Moderator: Jack Tannous (History, Princeton University)
Marina Rustow (Near Eastern Studies, Princeton University) and Daniel Stökl Ben Ezra (École Pratique des Hautes Études)
The Cairo Geniza is one of the main sources for the history of northern Africa, western Asia and the Indian Ocean basin in the tenth–thirteenth centuries. Yet fewer than 5,000 of the estimated 30,000 documentary geniza fragments have been published, and even that modest number has taken the field approximately 130 years to transcribe. At this rate, transcribing the rest of the corpus would take centuries. To address the urgent need for more geniza transcriptions, we undertook a project called HTR4PGP, which uses the eScriptorium API and, as ground truth, the Princeton Geniza Project’s electronic corpus of 4,000 transcriptions. The project aims to decipher an additional 12,000 geniza documents automatically, thereby quadrupling the corpus of geniza transcriptions. But we’ve faced some practical challenges along the way, chief among them the heterogeneity of our training data. The documents are a single page long, written by many scribes, often in informal hands. Most are torn or have holes. More than half the documents have complex layouts, with text-blocks laid out at multiple angles. Because of the complexity of the corpus, we set 90% accuracy as our benchmark — not as good as a human with a PhD, but good enough to make the texts findable and more usable for philologists and historians who wish to improve them and continue to work with them. We will present the interim results of the project and some possible future directions for research, and also reflect on the implications of HTR work for the future of philology.
Moderator: George Kiraz (Research Associate, Institute for Advanced Study)

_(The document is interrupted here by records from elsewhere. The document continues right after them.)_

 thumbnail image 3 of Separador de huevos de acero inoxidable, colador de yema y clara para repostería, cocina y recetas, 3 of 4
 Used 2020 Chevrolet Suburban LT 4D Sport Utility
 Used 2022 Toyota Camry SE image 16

Helmut Reimitz (History, Princeton University), Tim Geelhaar (University of Bielefeld), Jan Odstrčilík (Austrian Academy of Sciences, Vienna)
This presentation will discuss a project to use HTR for ninth–twelfth century Latin manuscripts containing the massive Ten Books of Histories by Gregory of Tours. This work, composed in the sixth century, was a bestseller in the Middle Ages: there are more than fifty extant manuscripts dating from the seventh to the fifteenth centuries. But the text was less stable than modern editions and translations suggest. A subset of manuscripts contain a reworking of the text; while they follow a common template, the compilers’ cut-and-paste job resulted in different arrangements of the text. Our project used HTR technology, first, to develop the first ground truth model for Carolingian minuscule, and, second, to build digital tools to compare versions of the text and to tag them. Doing so allows us to look over the shoulders of medieval historians and compilers and to understand the complex reworkings of a large corpus.

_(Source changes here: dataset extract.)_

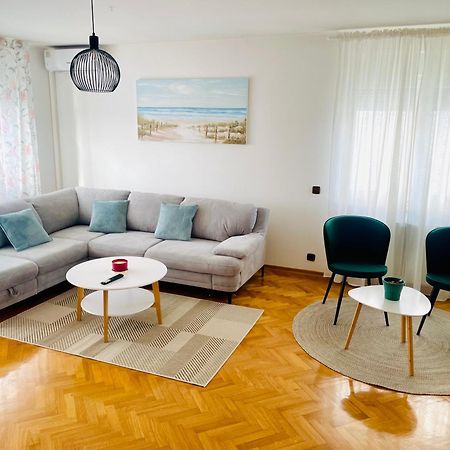 Apartman Bago Deluxe Near Zagreb Airport Velika Gorica Dış mekan fotoğraf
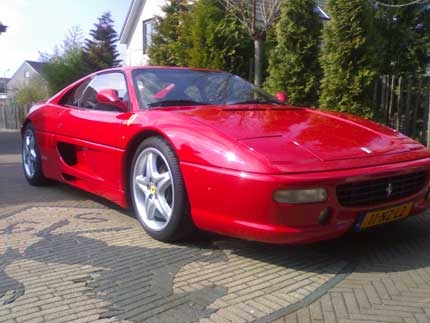 Ferrari изтегля опасни автомобили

Moderator: Barbara Graziosi (Classics, Princeton University)
Creston Brooks (Princeton University) Charlie Cowen-Breen (Cambridge), Barbara Graziosi (Classics, Princeton University), Johannes Haubold (Classics, Princeton University)
Ancient and medieval texts survive in manuscripts full of gaps and scribal errors. Generations of scholars with a high degree of expertise and benefitting from institutional investment have filled lacunae and corrected errors in classical Greco-Roman texts. But other periods of Greek literature have been less well-served. How can one produce editions with well-founded emendations and thereby ensure the future of a global archive of premodern texts even as philological expertise and investment are rapidly diminishing? To address this concern, the project LOGION has developed a deep neural network for textual restoration and emendation, and a system for tracking historical developments in language and style. Its architecture focuses on collaboration and decision-support for philologists. This presentation will illustrate the cooperative potential between artificial intelligence and human philology, taking the letters of the Byzantine author Psellos as our case study. First, we simulate gaps and compare results that have been achieved by philologists alone, by LOGION working by itself, and by philologists working in collaboration with LOGION. Second, we discuss some actual textual problems. Third, we outline next steps to improve the performance of LOGION on our current dataset and to support expansion to other archives and languages.
Moderator: Will Noel (Special Collections, Princeton University Library)
Gian Duri Rominger (East Asian Studies, Princeton University) and Nick Budak (Software Developer, Stanford University Libraries)
This presentation will illustrate how algorithms and machine learning techniques can help to detect poetic features in pre-modern Chinese texts and thereby stratify and date them. The Chinese writing system has been stable over the centuries and allows readers of Classical Chinese to access texts spanning more than two millennia. But it also masks the phonological developments of the underlying language, leading to the strange phenomenon that ancient Chinese texts are now read using modern pronunciation. DIRECT (Digital Intertextual Resonances in Early Chinese Texts) was designed to address this problem using a grapheme-to-phoneme (g2p) conversion tool for historical Chinese texts, a feature currently being optimized through Natural Language Processing pipelines. Our project uses DIRECT for glosses from the 6th-century annotation collection Jingdian Shiwen 經典釋文 (Elucidation of Classical Texts). By rendering texts as phonological reconstructions, DIRECT detects poetic features such as rhyme, and Regular Expression (Regex) searches can help extract known poetic patterns. These, in turn, can allow the texts to be dated by applying findings from historical linguistics. While this pipeline is tailored to third–first century BCE texts, it can be extended to other premodern texts. This presentation will explore how algorithmic thinking can apply a distinct philological method to ancient and medieval Chinese texts, and illustrate limitations and possibilities of applying computational thinking to philological inquiry.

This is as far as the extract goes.